In D&D? No. In PF? Yes.

Move to the comfy realm of six sided dice.

Have you considered just reskinning the monsters? Take the stats and powers and just describe the monsters as whatever orcs you want them to be?

When I run DnD I do this all the time. Even adding thematic powers to otherwise basic creatures. It keeps my players from knowing what they're encountering. And let's me tailor creatures better than just picking things others have statted up.

It helps that I play fast and loose with monster health and damage though. If I find something it's too strong or weak I buff or nerf it on the fly, usually in a cinematic "and it pulls it's special move out for the first time" or hinting at a weakness it didn't actually have.

Scaling up monsters is lame if you do it after you've already used the monsters before.

There are many alternatives.
>Extra monsters
>Environmental hazards/boons/conditions that sway in the monster's favour (Hostages, being set in battlements, lava traps but monsters are immune to lava, just traps set out in general, lair actions...)
>Putting them against not-an-entire-party
>Magical buffs, i.e. necromancer makes their skeletons reanimate automatically so the players have to pulverise the bones properly or dispel magic
>Monster has magical item

And here's my main problem with reskinning/upgrading etc
>It keeps my players from knowing what they're encountering.

It's best if your players actually have an idea of what they're facing, otherwise they might as well just be fighting against the shadows in the DM's mind than any monster with a real stat. Of course, you've shamelessly admitted you don't care about that and will gladly alter monster stats on the fly, which is fine, but much like the whole upgrading/reskinning deal it's a thing for newbie DMs who can't handle their shit, or for newbie players who wouldn't even know that the DM can pull shit against them.

Ideally, you allow players to have strong hints or clues as to what they'll be facing so they can prepare themselves and fight a smarter battle than one of trial and error, and you can do things like banter after-game about the monster stat block you can show them to prove their lives are actually on the line here, and you aren't just fitting things to make a pretty story. Or, alternatively, abilities that allow players access to metadata/a loose form of metadata.

I think it's reasonable to not know what you're fighting. If the DM has a specific weakness or power in mind then they should be foreshadowed or explicitly described. if your players can't remember then tough luck.

>and you can do things like banter after-game about the monster stat block you can show them to prove their lives are actually on the line here, and you aren't just fitting things to make a pretty story. Or, alternatively, abilities that allow players access to metadata/a loose form of metadata.
You sound like a fucking chore to play with.
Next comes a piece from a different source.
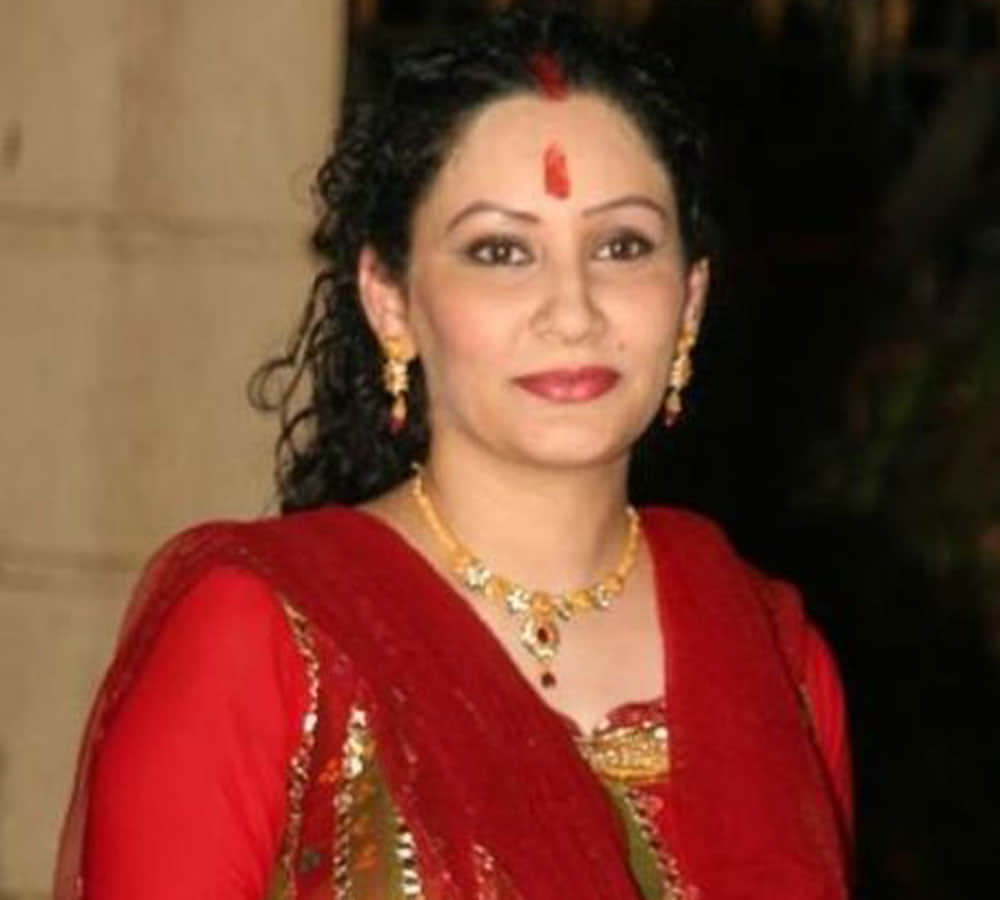 Television Stars and Bollywood celeb mourns at Rakhi Sawant mother death Jackie Shroff Maanayata Pavitra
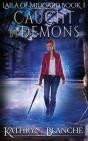 Caught By Demons - Preview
We're playing pretend, where's the fun in always revealing my secrets? It literally doesn't make a different to you if you never see the man behind the curtain.

i just do whatever feels thematically appropriate, CR be damned, if your players are clever they will either run or win. I threw an Umberhulk at 3, 2nd level characters and they pulled through. People will die and thats okay, party fighter (4th lvl) challenged the Flind of a gnoll warband for safe passage, he dies but his death led to the rest of the parties escape and them sneaking into the gnoll camp and sowing some seeds of revenge.
TLDR; seriously just dont worry about it

Or it could just be a larger/more experienced/mutated/steroidal monster or the one you fought is actually a juvenile, but i agree its better to mix up the abilities than just bump ac and hp

Fucking this.

As the DM part of your job is keeping things from the players.
I hate hlw shitty players get about things there characters should have no way of knowing.
>i dance with this woman
>how long do you dance
>an hour
>okay whats your stamina? 47? You feel tired after 47 minutes, make a stamina test.
>bullshit! I can dance for 12 hours
>dancing with this woman is particularly strenuous, you feel the weight of the day pressing on you. Mechanicaly this means dancing with her is a strenuous activity and you can only do one of those for 1 minute per point of stamina without making a check.
>the book says dancing isnt a strenuous activity!
>and I'm telling you, dancing with her is. Now please roll your check.
>no, thats bullshit

He pouted the rest of the game and wasnt invited back. Later i showed the woman's stat block to another player, she was a demon that ate away at the stamina of anyone who stayed within 1d5 feet of her for more than 1 round. As the DM players need to accept that things i tell them will overide the book and i dont have to keep open notes for them to see.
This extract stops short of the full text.